The direction, from PBH president Elizabeth Pivonka, was given in the wake of objections by some board members over the group’s decision in late April to pull back from what was in March called a strategic alliance between PBH and Imagination Farms, the Indianapolis-based licenser of Disney-branded fruits and vegetables.

The agreement would have allowed the use of Disney characters on the PBH Web site. PBH later withdrew from the agreement when some board members said the characters shouldn’t be used on the Web site if all marketers didn’t have access to the characters in their marketing efforts.

The new policy, as approved by the PBH executive committee May 1, reads:

“PBH will continue to aggressively encourage industry members and others to use the Fruits & Veggies — More Matters brand logo and messages in their marketing efforts following PBH approval (as agreed upon in the Fruits & Veggies — More Matters brand licensing agreement.) PBH will not use brand images (e.g. logos, characters) of other food or marketing entities exclusively aligned with individual food companies in PBH materials (e.g. printed materials, websites, etc) if use of the brand precludes any PBH licensee in good standing from benefiting through the marketing of said brand.

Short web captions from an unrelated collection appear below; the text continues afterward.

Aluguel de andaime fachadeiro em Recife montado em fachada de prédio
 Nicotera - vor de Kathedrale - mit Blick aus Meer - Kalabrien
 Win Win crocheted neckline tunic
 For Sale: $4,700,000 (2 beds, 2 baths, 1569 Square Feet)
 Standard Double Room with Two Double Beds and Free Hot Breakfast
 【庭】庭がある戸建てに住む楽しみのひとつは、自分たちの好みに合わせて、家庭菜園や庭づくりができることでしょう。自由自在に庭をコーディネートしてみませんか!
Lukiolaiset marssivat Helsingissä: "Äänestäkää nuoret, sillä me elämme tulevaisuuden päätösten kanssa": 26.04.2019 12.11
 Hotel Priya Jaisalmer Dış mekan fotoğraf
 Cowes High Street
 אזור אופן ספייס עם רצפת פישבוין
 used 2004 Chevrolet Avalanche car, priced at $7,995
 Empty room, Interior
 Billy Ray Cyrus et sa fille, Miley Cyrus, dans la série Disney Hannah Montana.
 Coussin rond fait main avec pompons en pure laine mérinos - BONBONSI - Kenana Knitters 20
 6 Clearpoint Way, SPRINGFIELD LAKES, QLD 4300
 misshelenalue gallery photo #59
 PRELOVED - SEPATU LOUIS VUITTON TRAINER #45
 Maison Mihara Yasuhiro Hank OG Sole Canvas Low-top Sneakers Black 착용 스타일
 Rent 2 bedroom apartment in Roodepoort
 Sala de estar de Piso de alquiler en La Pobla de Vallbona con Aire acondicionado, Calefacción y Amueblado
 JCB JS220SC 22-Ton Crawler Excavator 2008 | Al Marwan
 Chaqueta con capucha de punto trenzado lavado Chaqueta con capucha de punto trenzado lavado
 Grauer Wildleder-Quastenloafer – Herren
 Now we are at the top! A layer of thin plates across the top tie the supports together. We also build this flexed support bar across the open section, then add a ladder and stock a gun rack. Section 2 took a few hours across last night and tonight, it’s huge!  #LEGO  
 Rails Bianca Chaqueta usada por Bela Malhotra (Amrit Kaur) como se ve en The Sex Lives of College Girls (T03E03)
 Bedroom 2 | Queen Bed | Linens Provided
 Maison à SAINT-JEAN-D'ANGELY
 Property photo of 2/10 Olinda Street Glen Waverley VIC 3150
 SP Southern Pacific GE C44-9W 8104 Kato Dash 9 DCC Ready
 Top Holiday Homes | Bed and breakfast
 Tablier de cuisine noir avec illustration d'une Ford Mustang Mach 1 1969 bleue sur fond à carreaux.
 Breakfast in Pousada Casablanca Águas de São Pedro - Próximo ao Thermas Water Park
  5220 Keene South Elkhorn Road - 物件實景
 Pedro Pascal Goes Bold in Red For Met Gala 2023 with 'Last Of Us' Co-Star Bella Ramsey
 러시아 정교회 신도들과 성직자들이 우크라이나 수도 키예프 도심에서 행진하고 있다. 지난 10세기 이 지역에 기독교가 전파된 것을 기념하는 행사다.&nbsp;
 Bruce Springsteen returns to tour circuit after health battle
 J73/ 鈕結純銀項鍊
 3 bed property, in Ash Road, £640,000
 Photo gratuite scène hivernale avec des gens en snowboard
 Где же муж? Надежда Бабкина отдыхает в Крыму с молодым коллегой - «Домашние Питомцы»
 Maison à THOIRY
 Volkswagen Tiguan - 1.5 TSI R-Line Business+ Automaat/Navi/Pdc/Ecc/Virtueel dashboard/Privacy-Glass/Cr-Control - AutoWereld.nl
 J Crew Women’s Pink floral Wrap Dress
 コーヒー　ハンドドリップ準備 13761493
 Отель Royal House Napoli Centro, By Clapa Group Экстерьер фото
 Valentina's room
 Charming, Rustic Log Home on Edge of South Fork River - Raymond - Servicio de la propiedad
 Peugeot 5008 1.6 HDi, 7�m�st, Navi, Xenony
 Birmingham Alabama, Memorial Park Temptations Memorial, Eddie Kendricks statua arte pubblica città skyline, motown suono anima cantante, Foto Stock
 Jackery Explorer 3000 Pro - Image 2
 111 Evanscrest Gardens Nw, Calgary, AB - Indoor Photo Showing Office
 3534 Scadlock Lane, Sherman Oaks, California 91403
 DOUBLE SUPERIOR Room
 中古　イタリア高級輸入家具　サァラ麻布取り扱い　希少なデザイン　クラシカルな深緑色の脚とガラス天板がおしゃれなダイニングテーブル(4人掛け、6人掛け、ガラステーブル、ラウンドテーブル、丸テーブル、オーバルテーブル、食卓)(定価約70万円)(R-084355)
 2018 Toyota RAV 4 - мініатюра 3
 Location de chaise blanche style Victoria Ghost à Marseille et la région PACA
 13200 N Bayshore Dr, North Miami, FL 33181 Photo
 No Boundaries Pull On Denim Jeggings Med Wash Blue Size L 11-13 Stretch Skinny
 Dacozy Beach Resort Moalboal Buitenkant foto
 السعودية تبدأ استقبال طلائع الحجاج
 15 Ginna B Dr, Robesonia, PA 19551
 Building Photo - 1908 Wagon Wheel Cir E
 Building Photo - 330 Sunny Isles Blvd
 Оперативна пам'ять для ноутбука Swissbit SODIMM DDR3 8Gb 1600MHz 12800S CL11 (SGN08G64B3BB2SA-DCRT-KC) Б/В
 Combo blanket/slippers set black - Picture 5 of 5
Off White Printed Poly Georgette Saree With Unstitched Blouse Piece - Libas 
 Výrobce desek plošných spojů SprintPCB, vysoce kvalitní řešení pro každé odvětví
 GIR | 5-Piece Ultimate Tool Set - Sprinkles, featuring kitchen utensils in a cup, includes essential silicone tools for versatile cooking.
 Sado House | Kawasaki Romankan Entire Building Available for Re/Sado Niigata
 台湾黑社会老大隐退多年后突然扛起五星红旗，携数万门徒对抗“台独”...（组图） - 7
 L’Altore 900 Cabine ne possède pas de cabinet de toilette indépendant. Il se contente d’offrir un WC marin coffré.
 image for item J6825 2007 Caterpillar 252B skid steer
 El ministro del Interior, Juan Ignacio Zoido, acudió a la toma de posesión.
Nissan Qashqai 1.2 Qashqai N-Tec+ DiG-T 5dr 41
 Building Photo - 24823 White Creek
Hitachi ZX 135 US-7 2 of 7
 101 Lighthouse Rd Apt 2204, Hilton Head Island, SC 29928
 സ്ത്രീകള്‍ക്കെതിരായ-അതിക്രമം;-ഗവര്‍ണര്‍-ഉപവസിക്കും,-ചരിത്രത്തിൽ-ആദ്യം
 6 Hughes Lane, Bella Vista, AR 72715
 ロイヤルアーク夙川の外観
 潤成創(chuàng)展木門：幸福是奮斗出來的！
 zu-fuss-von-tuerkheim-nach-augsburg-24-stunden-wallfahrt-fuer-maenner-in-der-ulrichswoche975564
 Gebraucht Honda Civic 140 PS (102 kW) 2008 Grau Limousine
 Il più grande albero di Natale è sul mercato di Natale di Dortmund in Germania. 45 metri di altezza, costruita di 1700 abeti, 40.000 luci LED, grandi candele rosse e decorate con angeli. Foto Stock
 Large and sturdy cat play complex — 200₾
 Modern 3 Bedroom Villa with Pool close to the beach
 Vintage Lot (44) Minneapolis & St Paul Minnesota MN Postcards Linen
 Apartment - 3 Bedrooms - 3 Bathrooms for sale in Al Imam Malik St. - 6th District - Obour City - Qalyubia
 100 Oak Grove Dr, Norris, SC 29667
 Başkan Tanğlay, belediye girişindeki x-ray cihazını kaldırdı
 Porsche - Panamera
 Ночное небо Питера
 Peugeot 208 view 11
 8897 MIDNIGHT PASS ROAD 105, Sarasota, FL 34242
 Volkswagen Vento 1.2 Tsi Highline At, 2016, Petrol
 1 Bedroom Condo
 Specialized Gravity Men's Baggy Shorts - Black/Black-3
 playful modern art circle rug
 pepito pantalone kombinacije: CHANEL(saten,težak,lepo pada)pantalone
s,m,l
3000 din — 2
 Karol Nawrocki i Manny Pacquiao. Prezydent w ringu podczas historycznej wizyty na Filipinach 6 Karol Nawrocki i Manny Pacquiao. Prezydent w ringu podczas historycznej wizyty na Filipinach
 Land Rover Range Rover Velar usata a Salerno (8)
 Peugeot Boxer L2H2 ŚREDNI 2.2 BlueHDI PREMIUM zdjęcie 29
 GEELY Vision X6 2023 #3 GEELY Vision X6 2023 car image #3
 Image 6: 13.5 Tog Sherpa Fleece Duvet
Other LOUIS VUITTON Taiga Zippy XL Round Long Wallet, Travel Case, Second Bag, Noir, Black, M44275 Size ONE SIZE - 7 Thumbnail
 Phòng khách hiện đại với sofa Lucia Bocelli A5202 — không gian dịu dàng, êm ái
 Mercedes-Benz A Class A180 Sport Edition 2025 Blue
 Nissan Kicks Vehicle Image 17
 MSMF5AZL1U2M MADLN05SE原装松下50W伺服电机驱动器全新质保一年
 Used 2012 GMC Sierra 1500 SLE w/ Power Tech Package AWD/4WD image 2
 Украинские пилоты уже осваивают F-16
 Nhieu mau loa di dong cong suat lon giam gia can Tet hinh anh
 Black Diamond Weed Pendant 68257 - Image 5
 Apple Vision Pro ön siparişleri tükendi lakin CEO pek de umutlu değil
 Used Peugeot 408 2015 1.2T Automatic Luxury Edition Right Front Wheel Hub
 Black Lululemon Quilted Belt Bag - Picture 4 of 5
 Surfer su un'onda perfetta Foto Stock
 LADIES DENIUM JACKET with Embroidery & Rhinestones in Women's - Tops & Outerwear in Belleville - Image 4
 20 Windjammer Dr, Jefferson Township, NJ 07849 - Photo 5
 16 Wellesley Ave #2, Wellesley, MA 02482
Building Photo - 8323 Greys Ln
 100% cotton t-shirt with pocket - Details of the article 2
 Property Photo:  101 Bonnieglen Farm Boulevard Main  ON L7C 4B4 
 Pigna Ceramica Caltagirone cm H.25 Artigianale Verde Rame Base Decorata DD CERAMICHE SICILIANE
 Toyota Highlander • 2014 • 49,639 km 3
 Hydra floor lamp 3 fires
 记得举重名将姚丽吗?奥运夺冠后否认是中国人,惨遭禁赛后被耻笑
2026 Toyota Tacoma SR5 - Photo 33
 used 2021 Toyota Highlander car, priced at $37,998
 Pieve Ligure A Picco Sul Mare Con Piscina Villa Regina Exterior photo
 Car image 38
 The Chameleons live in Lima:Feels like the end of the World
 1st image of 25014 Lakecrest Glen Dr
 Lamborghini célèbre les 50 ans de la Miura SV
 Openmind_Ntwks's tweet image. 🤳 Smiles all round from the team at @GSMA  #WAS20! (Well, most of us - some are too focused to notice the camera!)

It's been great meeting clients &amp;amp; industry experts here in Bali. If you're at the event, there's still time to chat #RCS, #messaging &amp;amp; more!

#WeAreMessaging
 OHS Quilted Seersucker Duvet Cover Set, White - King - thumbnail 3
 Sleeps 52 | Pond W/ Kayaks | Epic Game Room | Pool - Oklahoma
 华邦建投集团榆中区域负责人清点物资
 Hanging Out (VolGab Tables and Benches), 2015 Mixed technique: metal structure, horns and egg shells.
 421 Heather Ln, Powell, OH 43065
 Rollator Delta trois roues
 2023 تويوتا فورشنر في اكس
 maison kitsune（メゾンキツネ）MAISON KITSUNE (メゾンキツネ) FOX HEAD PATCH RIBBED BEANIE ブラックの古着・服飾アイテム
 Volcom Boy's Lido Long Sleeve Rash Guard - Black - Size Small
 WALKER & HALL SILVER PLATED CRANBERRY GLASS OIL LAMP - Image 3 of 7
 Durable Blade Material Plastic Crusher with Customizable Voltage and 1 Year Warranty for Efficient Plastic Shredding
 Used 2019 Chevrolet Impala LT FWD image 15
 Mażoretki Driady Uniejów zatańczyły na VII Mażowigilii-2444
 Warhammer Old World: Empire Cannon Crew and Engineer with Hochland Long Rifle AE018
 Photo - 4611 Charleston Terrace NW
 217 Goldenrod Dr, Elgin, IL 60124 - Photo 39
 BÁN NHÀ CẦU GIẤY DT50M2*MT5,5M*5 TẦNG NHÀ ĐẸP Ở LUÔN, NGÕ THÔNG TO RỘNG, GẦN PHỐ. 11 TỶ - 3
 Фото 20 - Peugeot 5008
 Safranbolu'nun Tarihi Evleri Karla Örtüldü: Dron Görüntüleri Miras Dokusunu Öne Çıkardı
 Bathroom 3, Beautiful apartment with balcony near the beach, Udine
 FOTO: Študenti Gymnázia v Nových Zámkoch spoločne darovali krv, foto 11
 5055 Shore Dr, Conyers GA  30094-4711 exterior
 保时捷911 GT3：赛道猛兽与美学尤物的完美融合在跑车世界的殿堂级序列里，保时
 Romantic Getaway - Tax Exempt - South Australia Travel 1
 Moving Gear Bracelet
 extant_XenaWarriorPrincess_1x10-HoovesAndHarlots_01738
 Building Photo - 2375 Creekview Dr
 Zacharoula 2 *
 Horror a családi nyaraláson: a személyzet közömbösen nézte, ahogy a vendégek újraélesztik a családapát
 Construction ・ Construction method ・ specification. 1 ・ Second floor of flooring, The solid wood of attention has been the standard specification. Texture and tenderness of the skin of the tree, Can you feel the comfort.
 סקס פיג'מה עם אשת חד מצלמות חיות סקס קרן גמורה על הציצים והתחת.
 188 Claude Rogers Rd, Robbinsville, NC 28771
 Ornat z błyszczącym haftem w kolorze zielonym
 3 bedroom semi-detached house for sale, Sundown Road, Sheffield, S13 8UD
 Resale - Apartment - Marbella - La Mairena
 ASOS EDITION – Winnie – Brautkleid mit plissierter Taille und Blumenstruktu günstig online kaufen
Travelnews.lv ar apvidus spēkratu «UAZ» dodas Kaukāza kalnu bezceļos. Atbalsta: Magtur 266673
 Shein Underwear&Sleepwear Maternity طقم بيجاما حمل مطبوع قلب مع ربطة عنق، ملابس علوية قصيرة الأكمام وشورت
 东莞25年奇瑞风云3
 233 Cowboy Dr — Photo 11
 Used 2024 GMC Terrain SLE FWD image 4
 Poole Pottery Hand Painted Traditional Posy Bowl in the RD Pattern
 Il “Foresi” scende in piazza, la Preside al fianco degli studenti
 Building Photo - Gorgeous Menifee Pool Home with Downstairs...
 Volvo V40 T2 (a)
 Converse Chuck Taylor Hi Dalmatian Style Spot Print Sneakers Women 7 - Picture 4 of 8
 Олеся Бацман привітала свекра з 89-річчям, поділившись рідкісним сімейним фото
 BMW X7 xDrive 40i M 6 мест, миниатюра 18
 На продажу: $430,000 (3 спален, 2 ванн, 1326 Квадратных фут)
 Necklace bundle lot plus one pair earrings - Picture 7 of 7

Use of said brand in PBH materials to show that the company has provided a contribution to support PBH activities (e.g. in-kind, cash, sponsorship, or advertisement) is acceptable. When the situation is not clear-cut or obvious, it will be brought to the executive committee for review. When confidentiality is a high priority, PBH officers may review the situation first to determine if it should be brought to the full executive committee.”

Pivonka noted that the guidance prevents an unfair competitive advantage to some at the expense of others, while still allowing for collaborations that benefit our collective effort to increase fruit and vegetable consumption.